Re: [PATCH v3 0/7] sched: Implement shared runqueue in CFS

From: David Vernet
Date: Fri Aug 18 2023 - 01:04:38 EST


On Thu, Aug 17, 2023 at 02:12:03PM +0530, Gautham R. Shenoy wrote:
> Hello David,

Hello Gautham,

Thanks a lot as always for running some benchmarks and analyzing these
changes.

> On Wed, Aug 09, 2023 at 05:12:11PM -0500, David Vernet wrote:
> > Changes
> > -------
> >
> > This is v3 of the shared runqueue patchset. This patch set is based off
> > of commit 88c56cfeaec4 ("sched/fair: Block nohz tick_stop when cfs
> > bandwidth in use") on the sched/core branch of tip.git.
>
>
> I tested the patches on Zen3 and Zen4 EPYC Servers like last time. I
> notice that apart from hackbench, every other bechmark is showing
> regressions with this patch series. Quick summary of my observations:

Just to verify per our prior conversation [0], was this latest set of
benchmarks run with boost disabled? Your analysis below seems to
indicate pretty clearly that v3 regresses some workloads regardless of
boost, but I did just want to double check regardless just to bear it in
mind when looking over the results.

[0]: https://lore.kernel.org/all/ZMn4dLePB45M5CGa@xxxxxxxxxxxxxxxxxxxxxx/

> * With shared-runqueue enabled, tbench and netperf both stop scaling
> when we go beyond 32 clients and the scaling issue persists until
> the system is overutilized. When the system is overutilized,
> shared-runqueue is able to recover quite splendidly and outperform
> tip.

Hmm, I still don't understand why we perform better when the system is
overutilized. I'd expect vanilla CFS to perform better than shared_runq
in such a scenario in general, as the system will be fully utilized
regardless.

> * stream doesn't show any significant difference with the
> shared-runqueue as expected.
>
> * schbench shows no major regressions for the requests-per-second and
> the request-latency until the system is completely saturated at
> which point, I do see some improvements with the shared
> runqueue. However, the wakeup-latency is bad when the system is
> moderately utilized.
>
> * mongodb shows 3.5% regression with shared runqueue enabled.

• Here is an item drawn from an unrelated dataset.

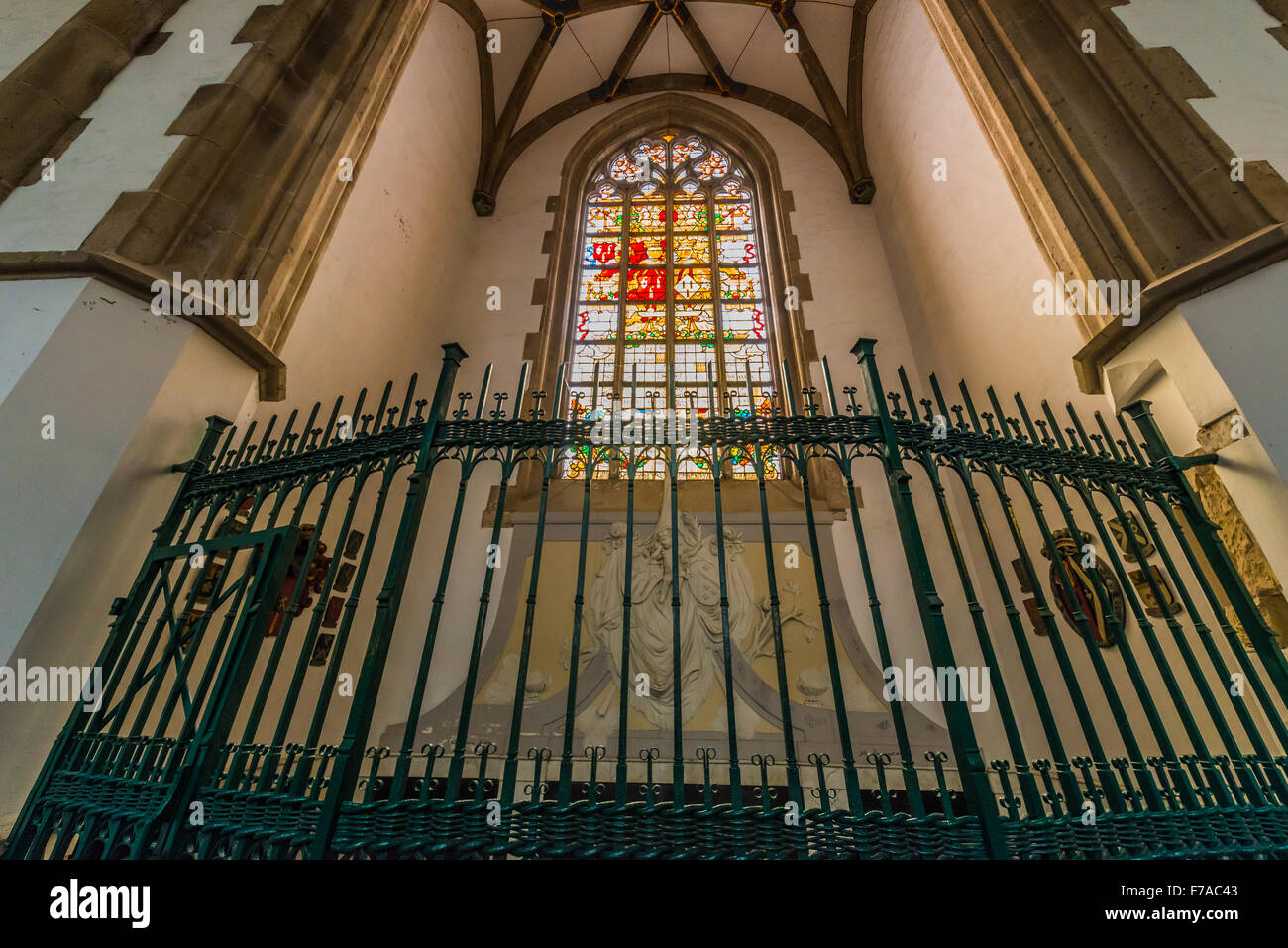 Die Sint Bavo-Kirche in Haarlem die ist die größte Kirche in den Niederlanden und hat eine katholische und evangelische Kirche Stockfoto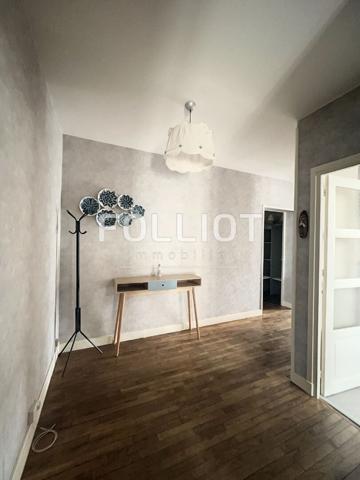 Appartement F3 (100 m²) NON MEUBLE en location à COUTANCES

This is indeed surprising. I think I have a theory, as described below.

>
> Please find the detailed results at the end of this mail.
>
> Scalability for tbench and netperf
> ==================================
> I want to call out the reason for the scaling issues observed with
> tbench and netperf when the number of clients are between 32 to 256. I
> will use tbench here to illustrate the analysis.
>
> As I had mentioned, in my response to Aaron's RFC,
> (https://lore.kernel.org/lkml/20230816024831.682107-2-aaron.lu@xxxxxxxxx/#t)
> in the aforementioned cases, I could observe a bottleneck with
> update_cfs_group() and update_load_avg() which is due to the fact that
> we do a lot more task migrations when the shared runqueue is enabled.
>
> Overhead Command Shared Object Symbol
> + 20.54% tbench [kernel.vmlinux] [k] update_cfs_group
> + 15.78% tbench [kernel.vmlinux] [k] update_load_avg
>
> Applying Aaron's ratelimiting patch helps improve the
> scalability. Previously the throughput values for 32 clients, 64
> clients, 128 clients and 256 clients were very close to each other but
> with Aaron's patch, that improved. However, the regression still
> persisted.
>
> ==================================================================
> Test : tbench
> Units : Normalized throughput
> Interpretation: Higher is better
> Statistic : AMean
> ==================================================================
> Clients: tip[pct imp](CV) sh_rq_v3[pct imp](CV) sh_rq_v3_tgload_fix[pct imp](CV)
> 32 1.00 [ 0.00]( 2.90) 0.44 [-55.53]( 1.44) 0.98 [ -2.23]( 1.72)
> 64 1.00 [ 0.00]( 1.02) 0.27 [-72.58]( 0.35) 0.74 [-25.64]( 2.43)
> 128 1.00 [ 0.00]( 0.88) 0.19 [-81.29]( 0.51) 0.52 [-48.47]( 3.92)
> 256 1.00 [ 0.00]( 0.28) 0.17 [-82.80]( 0.29) 0.88 [-12.23]( 1.76)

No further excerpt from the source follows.